E poi, spretenfete, questa frase, messa lì come la acca in Sonohra secondo Elio (citazione alta, ma non potevo esimermi). E non si capisce se gli occhi sono del padre, della madre, di Pip o del lettore che sta cercando di orizzontarsi, senza riuscirsi, e ha deciso di mettersi a piangere. Sembra di leggere un'espressione di matematica in cui le parentesi vengono aperte ad minchiam e alla fine sono dispari.

Rit. Aiuto.

Aiuto.

Aiuto.

La struttura delle frasi è pesante, pesantissima, oppressiva. Pesante perché ci sono troppi termini, troppi aggettivi, troppi giri di parole per dire cose che si possono dire più efficacemente con meno della metà dei vocaboli.
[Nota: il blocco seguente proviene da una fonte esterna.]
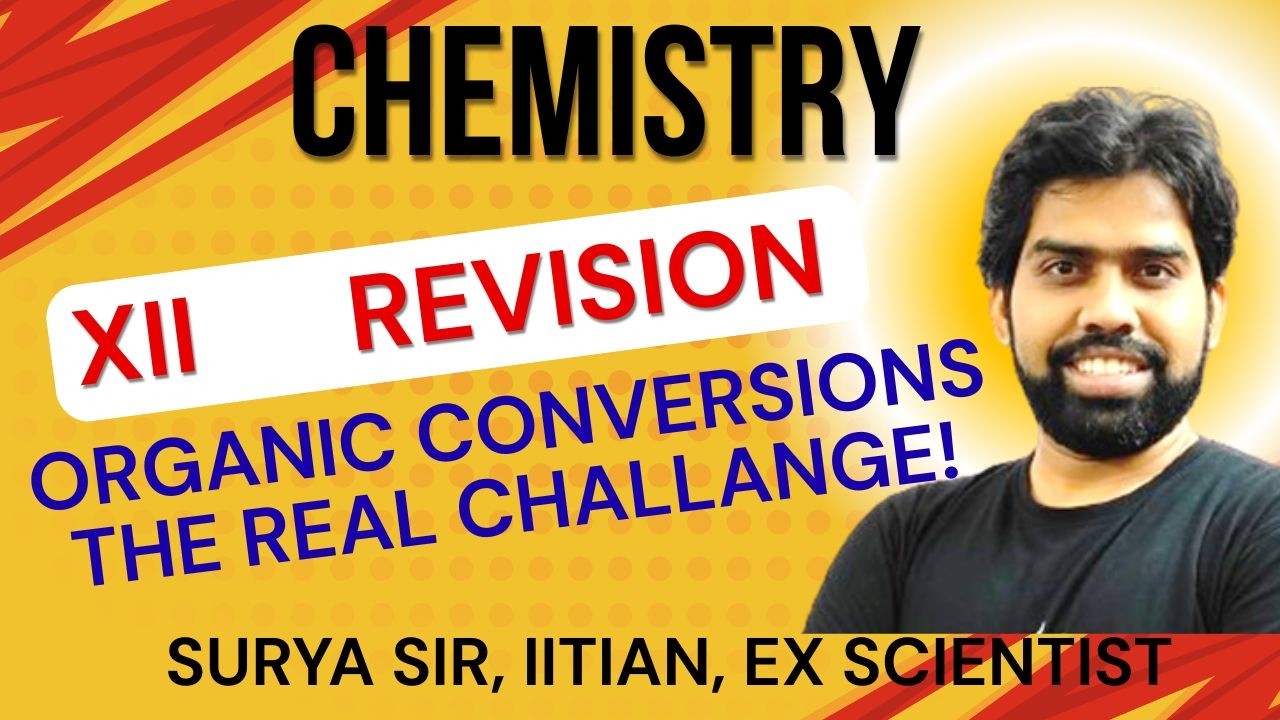 Organic CONVERSIONS | Class 12 | CBSE-ISC | WBCHSE | NEET-JEE | SURYA SIR | 25-26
Esempio: "Con quel pesante pensiero scolpito nella mente, raggiunse la sua casa di legno."

Il pesante pensiero scolpito mi pesa sulla lingua, sulle corde vocali, su tutto. È greve alla lettura. E non serve a nulla. Annoia a morte chiunque lo legga.

Altro problema in questa frase: raggiunse la sua casa di legno. Siccome all'inizio del capitolo il ragazzo sta andando a casa, e dopo sette/otto paragrafi non solo non è ancora arrivato, ma te ne esci con questa frase, sembra quasi che Pip – a metà della strada fatta per andar a casa sua dove lo aspettano i genitori, abbia una sua casa – più sua, intendo, diversa da quella dei genitori - peccato tu abbia appena detto che ad aspettarlo a casa ci sono i suoi, ma forse sono della casa sua e dei genitori e lui sta andando nella casa sua sua. Lo vedi che casino? Quell'aggettivo possessivo non è solo inutile, è dannoso, crea confusione, spezza un ritmo che già va per i fatti suoi rispetto allo spartito.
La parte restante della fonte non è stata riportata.